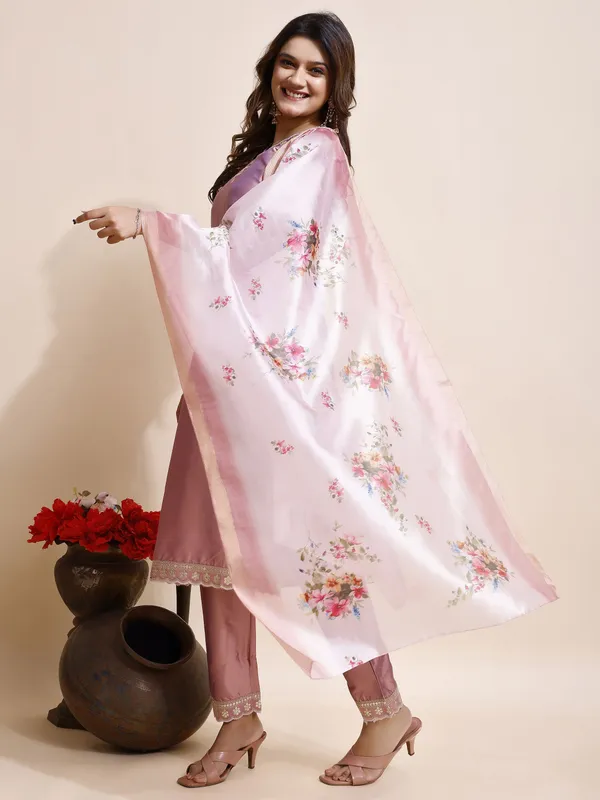 Pink_Art_Silk_Floral_Print_Kurti__Pant_Dupatta_Set_For_Women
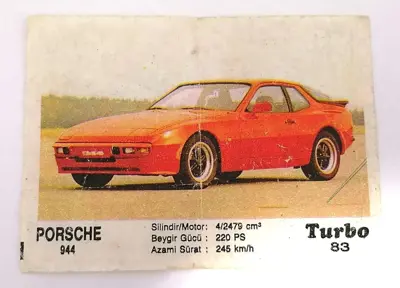 Обява: ⭐ Картинка Turbo Турбо черно 83 Porsche 944 ⭐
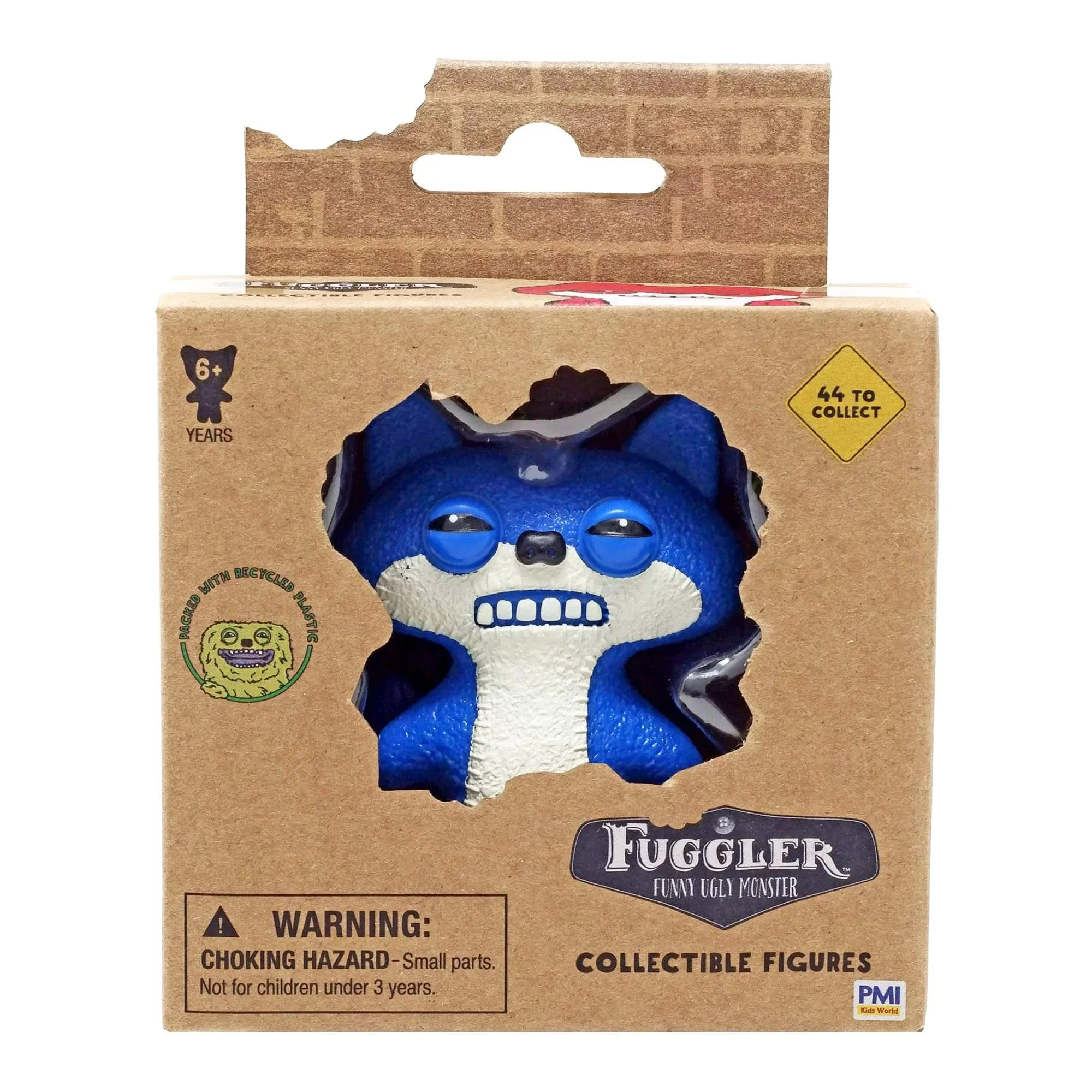Fuggler 2.5 Inch Vinyl Figure | Suspicious Fox Blue - Image 2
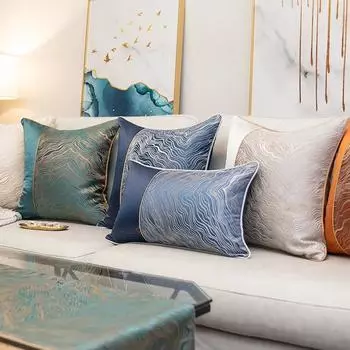Роскошная диванная подушка Подушка в скандинавском стиле Европейская роскошная модель подушки Комната Вилла Гостиная Высококачественная наволочка 450*450mm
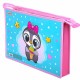 Папка для тетрадей ПИФАГОР А4, 1 отделение, картон/пластик, на молнии, 'Smart Penguin', 271441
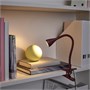 NÄVLINGE, Светодиодный прожектор с зажимом, темно-красный 506.402.51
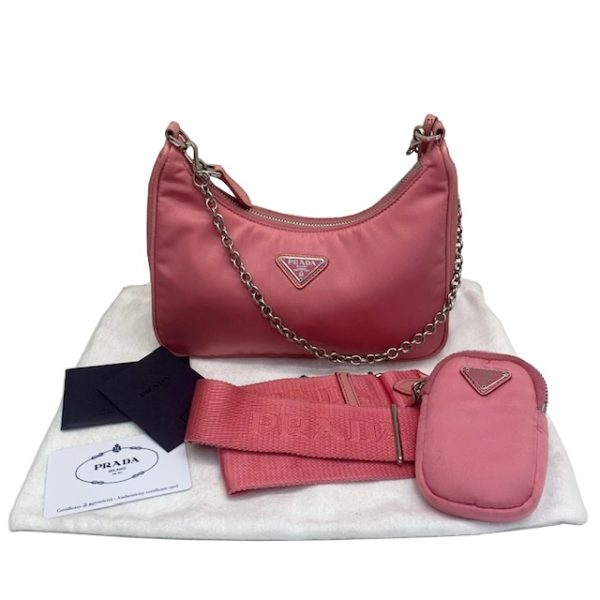 imgrc0082726070 PRADA Re Edition 2WAY Shoulder Bag Nylon Leather Pink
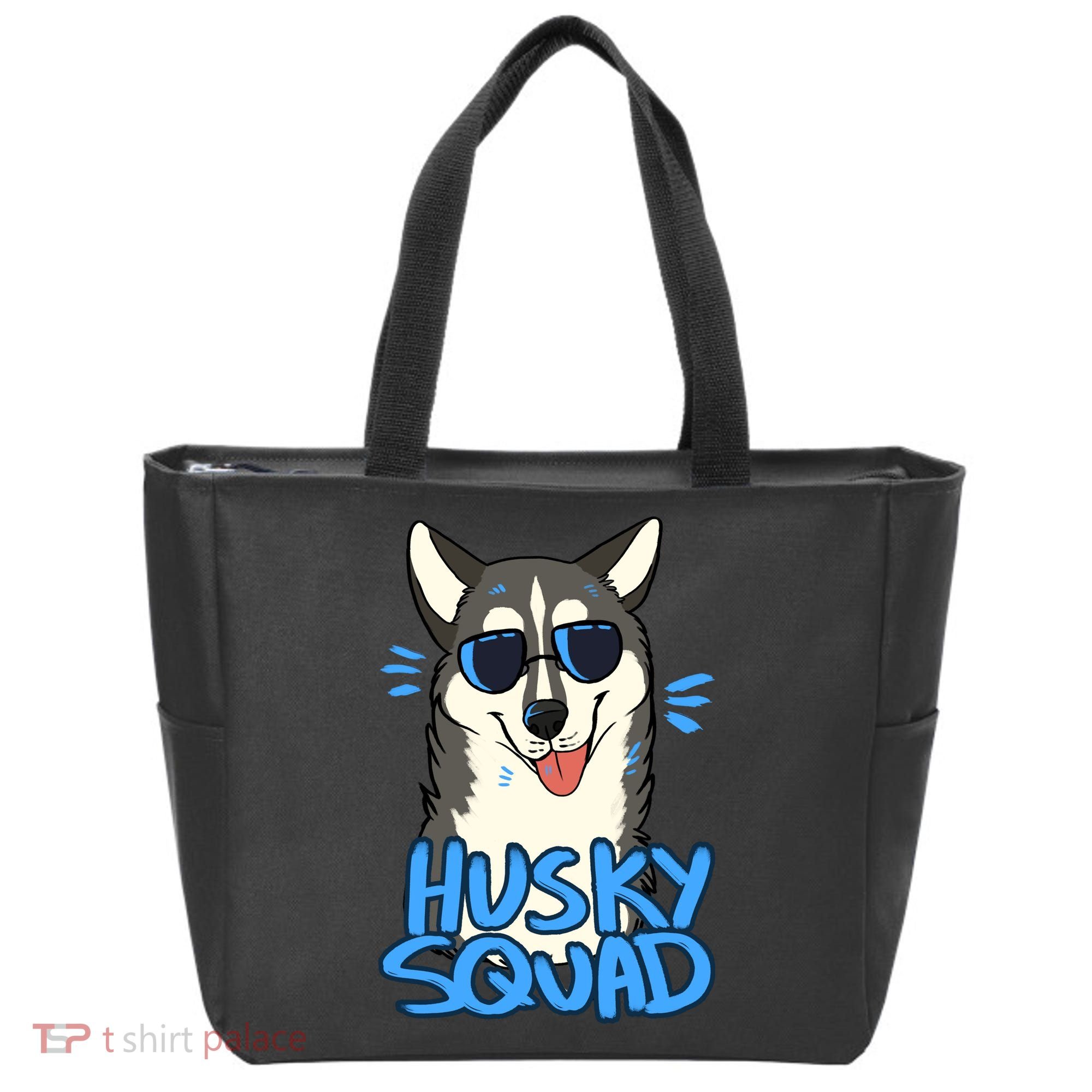 Husky Squad Tote Bag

☆ ☆ ☆ ☆ ☆

- To do
Counting the line with "imgrc0082726070 PRADA Re" and the last line of the data above, transcribe those two lines and every line between them exactly, without the pictures.

- Finished task
 imgrc0082726070 PRADA Re Edition 2WAY Shoulder Bag Nylon Leather Pink
 Husky Squad Tote Bag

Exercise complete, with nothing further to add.